▶ Try it
Below are some records; output exactly the lines from the line with "Ноутбук Dell i5-7200/16/ssd 120" to the line with "Ensemble de vaisselle", both ends kept, and nothing more.

--------------------------------------------------

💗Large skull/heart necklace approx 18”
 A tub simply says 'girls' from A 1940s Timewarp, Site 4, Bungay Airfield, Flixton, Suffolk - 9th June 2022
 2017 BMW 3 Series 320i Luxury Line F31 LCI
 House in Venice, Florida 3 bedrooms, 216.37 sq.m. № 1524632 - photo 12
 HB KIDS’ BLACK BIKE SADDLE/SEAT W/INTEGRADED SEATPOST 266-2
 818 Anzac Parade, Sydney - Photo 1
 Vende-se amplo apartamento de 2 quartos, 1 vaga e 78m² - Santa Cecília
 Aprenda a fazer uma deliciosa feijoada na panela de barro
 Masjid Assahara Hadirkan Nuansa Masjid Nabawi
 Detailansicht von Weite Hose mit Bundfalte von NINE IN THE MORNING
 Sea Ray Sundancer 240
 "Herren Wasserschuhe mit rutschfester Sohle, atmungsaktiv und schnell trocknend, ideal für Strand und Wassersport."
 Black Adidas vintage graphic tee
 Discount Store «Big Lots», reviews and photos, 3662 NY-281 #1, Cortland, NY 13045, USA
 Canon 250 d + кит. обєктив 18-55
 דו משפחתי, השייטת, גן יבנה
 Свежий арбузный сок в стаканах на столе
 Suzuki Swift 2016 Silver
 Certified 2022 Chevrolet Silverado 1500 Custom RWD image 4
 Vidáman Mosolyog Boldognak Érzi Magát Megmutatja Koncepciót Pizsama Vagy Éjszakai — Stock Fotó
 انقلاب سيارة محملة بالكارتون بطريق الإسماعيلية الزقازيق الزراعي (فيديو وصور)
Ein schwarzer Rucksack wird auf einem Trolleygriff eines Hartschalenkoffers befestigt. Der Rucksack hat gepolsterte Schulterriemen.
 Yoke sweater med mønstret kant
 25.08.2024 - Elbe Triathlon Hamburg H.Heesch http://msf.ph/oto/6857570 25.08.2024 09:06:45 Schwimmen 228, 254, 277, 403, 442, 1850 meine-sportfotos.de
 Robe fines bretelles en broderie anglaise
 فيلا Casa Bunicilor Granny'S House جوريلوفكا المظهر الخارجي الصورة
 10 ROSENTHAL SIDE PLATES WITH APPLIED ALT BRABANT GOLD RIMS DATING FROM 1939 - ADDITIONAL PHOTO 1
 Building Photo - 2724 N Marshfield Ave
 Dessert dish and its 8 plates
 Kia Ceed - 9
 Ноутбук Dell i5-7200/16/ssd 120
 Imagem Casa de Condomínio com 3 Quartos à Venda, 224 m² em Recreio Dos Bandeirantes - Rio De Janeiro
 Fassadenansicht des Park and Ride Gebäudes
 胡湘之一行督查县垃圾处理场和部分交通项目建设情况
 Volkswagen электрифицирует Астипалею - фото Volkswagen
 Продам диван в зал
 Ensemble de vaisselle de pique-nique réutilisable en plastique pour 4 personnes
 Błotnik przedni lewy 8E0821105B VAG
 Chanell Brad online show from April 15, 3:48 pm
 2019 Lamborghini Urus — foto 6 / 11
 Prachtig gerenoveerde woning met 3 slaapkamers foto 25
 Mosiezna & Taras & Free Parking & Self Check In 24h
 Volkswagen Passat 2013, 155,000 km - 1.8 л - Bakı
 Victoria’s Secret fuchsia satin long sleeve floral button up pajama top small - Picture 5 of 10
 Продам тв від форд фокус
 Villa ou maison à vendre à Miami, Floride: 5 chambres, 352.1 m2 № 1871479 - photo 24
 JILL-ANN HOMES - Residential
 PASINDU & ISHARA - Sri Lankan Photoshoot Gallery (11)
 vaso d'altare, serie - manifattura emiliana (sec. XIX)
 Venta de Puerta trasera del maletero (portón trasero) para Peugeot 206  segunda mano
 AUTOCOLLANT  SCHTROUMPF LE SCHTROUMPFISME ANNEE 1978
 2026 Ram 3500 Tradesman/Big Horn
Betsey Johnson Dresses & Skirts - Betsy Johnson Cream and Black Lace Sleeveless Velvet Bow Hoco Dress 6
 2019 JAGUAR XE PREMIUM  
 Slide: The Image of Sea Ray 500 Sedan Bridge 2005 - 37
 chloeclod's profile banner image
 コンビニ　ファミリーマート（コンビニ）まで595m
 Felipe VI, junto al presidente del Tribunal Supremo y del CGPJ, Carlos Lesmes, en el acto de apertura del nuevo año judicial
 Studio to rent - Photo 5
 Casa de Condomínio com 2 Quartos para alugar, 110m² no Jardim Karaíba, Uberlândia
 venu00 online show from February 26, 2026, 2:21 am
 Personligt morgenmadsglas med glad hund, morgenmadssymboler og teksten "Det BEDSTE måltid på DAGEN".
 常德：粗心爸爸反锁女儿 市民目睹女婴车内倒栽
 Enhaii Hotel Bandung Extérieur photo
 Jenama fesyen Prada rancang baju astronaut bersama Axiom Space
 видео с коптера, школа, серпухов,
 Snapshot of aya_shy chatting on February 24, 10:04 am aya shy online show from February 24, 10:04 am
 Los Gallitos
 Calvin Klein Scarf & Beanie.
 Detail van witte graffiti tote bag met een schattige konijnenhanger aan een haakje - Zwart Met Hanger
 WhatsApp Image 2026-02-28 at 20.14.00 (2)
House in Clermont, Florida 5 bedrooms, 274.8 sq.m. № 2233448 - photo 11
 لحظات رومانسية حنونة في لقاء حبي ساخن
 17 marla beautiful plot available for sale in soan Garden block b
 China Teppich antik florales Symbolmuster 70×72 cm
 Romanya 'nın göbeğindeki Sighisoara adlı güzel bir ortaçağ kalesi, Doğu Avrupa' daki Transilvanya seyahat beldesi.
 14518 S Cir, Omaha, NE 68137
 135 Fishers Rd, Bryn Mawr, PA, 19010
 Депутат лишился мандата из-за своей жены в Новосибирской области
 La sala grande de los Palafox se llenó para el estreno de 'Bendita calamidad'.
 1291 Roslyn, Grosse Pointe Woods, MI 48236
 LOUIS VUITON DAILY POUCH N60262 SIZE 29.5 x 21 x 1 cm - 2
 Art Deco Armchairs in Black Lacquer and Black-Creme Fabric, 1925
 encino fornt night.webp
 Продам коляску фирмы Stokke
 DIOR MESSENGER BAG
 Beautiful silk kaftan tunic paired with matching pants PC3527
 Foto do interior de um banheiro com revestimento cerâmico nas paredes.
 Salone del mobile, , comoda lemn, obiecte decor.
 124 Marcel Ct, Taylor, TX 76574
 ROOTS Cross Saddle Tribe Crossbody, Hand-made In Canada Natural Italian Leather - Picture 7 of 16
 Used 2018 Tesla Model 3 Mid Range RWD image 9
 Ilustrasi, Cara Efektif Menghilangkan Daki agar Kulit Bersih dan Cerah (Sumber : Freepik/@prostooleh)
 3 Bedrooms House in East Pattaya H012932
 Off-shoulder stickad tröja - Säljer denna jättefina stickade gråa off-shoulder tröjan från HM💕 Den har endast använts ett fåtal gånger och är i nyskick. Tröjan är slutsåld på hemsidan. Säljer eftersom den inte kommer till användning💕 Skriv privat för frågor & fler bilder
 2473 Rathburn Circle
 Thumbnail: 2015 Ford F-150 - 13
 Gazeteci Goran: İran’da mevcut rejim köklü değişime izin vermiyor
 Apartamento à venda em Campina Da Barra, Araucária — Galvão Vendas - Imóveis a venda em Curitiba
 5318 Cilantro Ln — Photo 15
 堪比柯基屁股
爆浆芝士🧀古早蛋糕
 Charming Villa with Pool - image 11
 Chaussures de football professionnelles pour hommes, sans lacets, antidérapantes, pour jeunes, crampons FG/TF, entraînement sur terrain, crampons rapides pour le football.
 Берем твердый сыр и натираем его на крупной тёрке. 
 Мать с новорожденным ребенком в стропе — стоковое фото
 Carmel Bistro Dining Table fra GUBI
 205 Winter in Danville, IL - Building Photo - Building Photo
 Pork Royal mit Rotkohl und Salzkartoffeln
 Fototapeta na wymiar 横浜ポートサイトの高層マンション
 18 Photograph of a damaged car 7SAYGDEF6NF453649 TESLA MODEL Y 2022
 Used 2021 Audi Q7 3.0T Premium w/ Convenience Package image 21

--------------------------------------------------

▶ Output for this exercise
 Ноутбук Dell i5-7200/16/ssd 120
 Imagem Casa de Condomínio com 3 Quartos à Venda, 224 m² em Recreio Dos Bandeirantes - Rio De Janeiro
 Fassadenansicht des Park and Ride Gebäudes
 胡湘之一行督查县垃圾处理场和部分交通项目建设情况
 Volkswagen электрифицирует Астипалею - фото Volkswagen
 Продам диван в зал
 Ensemble de vaisselle de pique-nique réutilisable en plastique pour 4 personnes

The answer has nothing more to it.